Pastors appeared in all these Churches very early after their organization, and the Hebrew Christians called them presbyters (elders) while the Gentile Churches called them bishops (overseers), the terms being interchangeable. The leaders or rulers of the synagogue were called presbyters, but they were not prototypes of the Christian presbyters, for there was next to nothing in common between the two. The synagogue could in no sense become the pattern of the Christian congregation, which was constituted for a different purpose, and demanded that freer and more independent form, which was in harmony with the genius of Christs more generous teaching.

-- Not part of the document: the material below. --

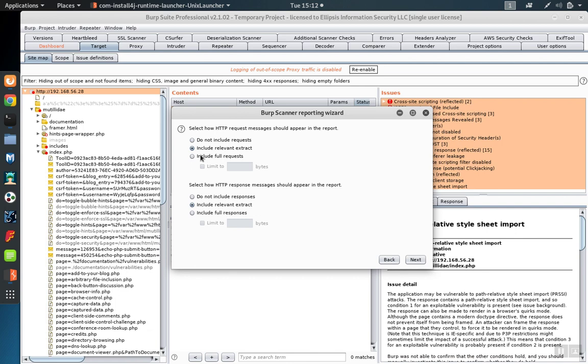You can also include full requests and full responses if you want to ensure that the recipient can reproduce what happened during the scanning exactly.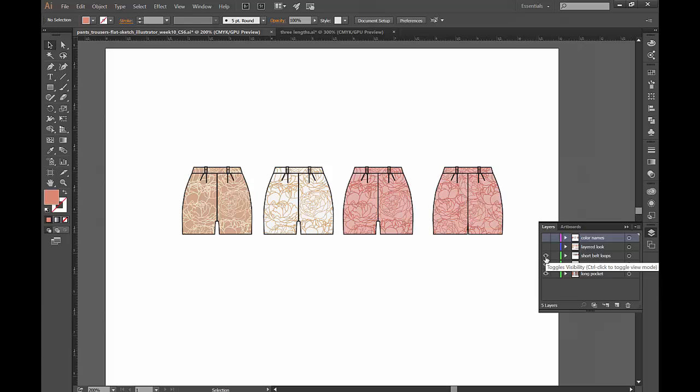Remember that you can download the flat sketch in the free member area on fashionchalkboard.com and the link is below in the description.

Every one knew what parties were referred to in the Christian congregation when its elders were spoken of. But the Gentiles, who were not familiar with the peculiarity of Jewish titles and institutions, could not so well come to a knowledge of this spiritual office by the use of the word, when standing alone and unexplained. To them, the term elder expressed age, but little of fitness or rank. Another term was in use amongst the Greeks which exactly expressed the duties of the Christian presbyter, namely, the word episkopoi, overseer. With them, this was purely a civil and secular name, which was used in private associations, or in municipal and magisterial bodies. The superintendents of finance, of workmen, the inspectors of bread and produce, and the overseers of public affairs generally, were designated by this term. In fact, all persons who had oversight of affairs, either public or private, were known as bishops. For this reason the same class of men who were known as elders in the Jewish-Christian Churches, were called bishops, or overseers, in the Gentile Churches.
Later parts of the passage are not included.